Reaktionen: ein älterer Herr, der an diesem Abend in der Zuhörerschaft saß, erzählte mir, dass das Gelesene bei ihm schon eine gewisse Traurigkeit ausgelöst habe, da er ja selbst schon sehr alt und schon ein paarmal dem Tod von der Schippe gesprungen sei. Aber die Art und Weise, wie zum einen das Buch verfasst sei, zum anderen dieser Abend “gefeiert” wurde, habe ihm Mut gemacht. Ich hatte das starke Gefühl, so seine Worte, es geht irgendwie weiter!

Ein anderer männlicher Zuhörer um die 70 Jahre stimmte der Aussage des Buches zu, dass man sterben würde, so wie man gelebt habe. "Ich bin viel gereist und habe eine tolle Familie, so seine Reaktion, wenn ich jetzt abtreten muss, dann ist das in Ordnung. Ich habe mein Leben gelebt!"

 

 

"Ich kann´s nicht mehr sehen"

 

Eine szenische Lesung

 

Schon obskurr! Da wird man mitten in der Zeitungslektüre von seinen Augen angesprochen und gefragt, was man sieht! Natürlich ist das Sehen eigentlich Aufgabe der Sinnesorgane, doch werden 80% vom Gehirn verarbeitet. Ob bewusst oder unbewusst, der Mensch filtert, kategorisiert, ordnet zu, schätzt ein und sortiert. Also besitzt er auch eine Verantwortung für all das, was sich auf visuellem Weg in ihn hineinbewegt. Das Auge kritisiert nicht nur die Bilderflut, die das Wichtige nicht mehr von dem Unwichtigen trennen kann, sondern rüffelt den Mensch auch für sein Wegsehen, für sein stumpfes Konsumieren, ohne sich zu Wehr zu setzen. Es entwickelt sich ein Dialog zwischen Auge und Mensch, der den Schauenden in einer Art Verzweiflung zurücklässt.
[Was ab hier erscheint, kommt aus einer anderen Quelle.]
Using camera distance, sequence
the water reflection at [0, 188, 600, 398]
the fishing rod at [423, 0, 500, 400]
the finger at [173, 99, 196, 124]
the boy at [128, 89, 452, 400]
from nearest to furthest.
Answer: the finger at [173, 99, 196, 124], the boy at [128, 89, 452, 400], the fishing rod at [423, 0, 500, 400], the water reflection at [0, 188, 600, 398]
Dieses Stück schrieben wir, um es in dem Laden Augenoptik Mindermann in einer szenischen Lesung vorzutragen. Die Thematik passte zum einen gut in einen mit Hunderten von Brillen gefüllten Raum, zum anderen gut in das Motto des Abends in Telgte: „alles außer gewöhnlich“, an dem sich die Läden in Telgte in einer außergewöhnlichen Mixtur präsentierten: Seidenschreiberei im Blumenladen, Chansons in der Boutique oder eben Theater im Brillenladen. Auch wenn nur ein kleines Publikum den Weg zur Lesung fand, so wurde das Stück doch begeistert angenommen und führte genau dazu, wozu es auch geschrieben worden war: Zum Gedanken machen. Es wurde im Nachhinein noch diskutiert und gefachsimpelt und man kam zu dem Resultat: Sehen ist tatsächlich mehr als nur das Projizieren von Bildern auf Netzhaut Co. Nur die Westfälischen Nachrichten fanden die Aktion in Telgte wohl nicht so berichtenswert und brillierte in ihrer Weise: alles, nur nicht ungewöhnlich.

 

 

 

Rockkonzerte

 

1. Blues-Rock-Benefizkonzert, Bürgerhaus Telgte 2012

 

 Gute Laune zu ernstem Hintergrund

(aus den Westfälischen Nachrichten, 5.11.2012)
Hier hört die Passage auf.